A Waking Dream or Nightmare | Daily News

A Waking Dream or Nightmare

“The book is frightening – reading it, you feel you are being hypnotised,” says Hughes-Hallett, Chair of judges, at the Booker International Prize 2021. “Your emotions are all jangled up, your mind is being opened to new thoughts. It is an extraordinary piece of narrative, very powerful, very compelling. The protagonist is accused of sorcery and all of us, we judges, did feel this book had somehow put a spell on us. It is that hypnotically compelling.”

Explaining further in an interview with the BBC, Hughes-Hallett added, David Diop’s “At Night All Blood Is Black” is “a story about war, but also about love, the comradeship of those young men who fight together and the extraordinarily intense relationships that are formed by people who are risking death alongside each other.

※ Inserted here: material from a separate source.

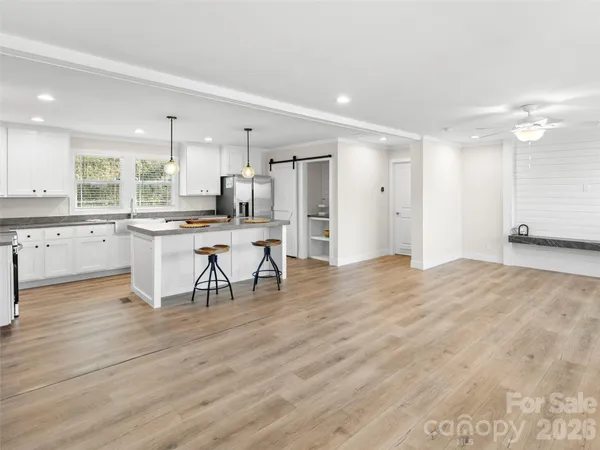 a kitchen with stainless steel appliances granite countertop a stove top oven a chimney cabinets and wooden floor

It is also a story about language – the protagonist does not speak much French, so it is a story written in French, which we read in English, about a man thinking in Wolof. Diop has done something very clever in creating a kind of incantatory language that somehow conveys that sense of what it is like to think outside your own language, as it were.”

Thus, David Diop created history by becoming the first French novelist to win the International Booker Prize for translated fiction for his novel, At Night All Blood Is Black. This also happens to be his first novel translated into English. Diop, the author of two novels, and his translator Anna Moschovakis, split the £50,000 annual prize, which goes to the best author and translator of a work translated into English.

At Night All Blood Is Black follows the story of a Senegalese soldier fighting for France in the first world war. The topic in itself is rather disheartening when one realizes more than a century after the First World War, literature produced in the West continues to give prominence to themes based on their wars and how their colonialism affected others. Proving my point, Hughes-Hallett said that many of the books submitted this year, including Diop’s, examined colonialism or migration, “which is of course the sequel to colonialism. That story about people moving around the world, maybe being welcomed by their new host countries or maybe being kept out, is one that a lot of the authors wanted to address.”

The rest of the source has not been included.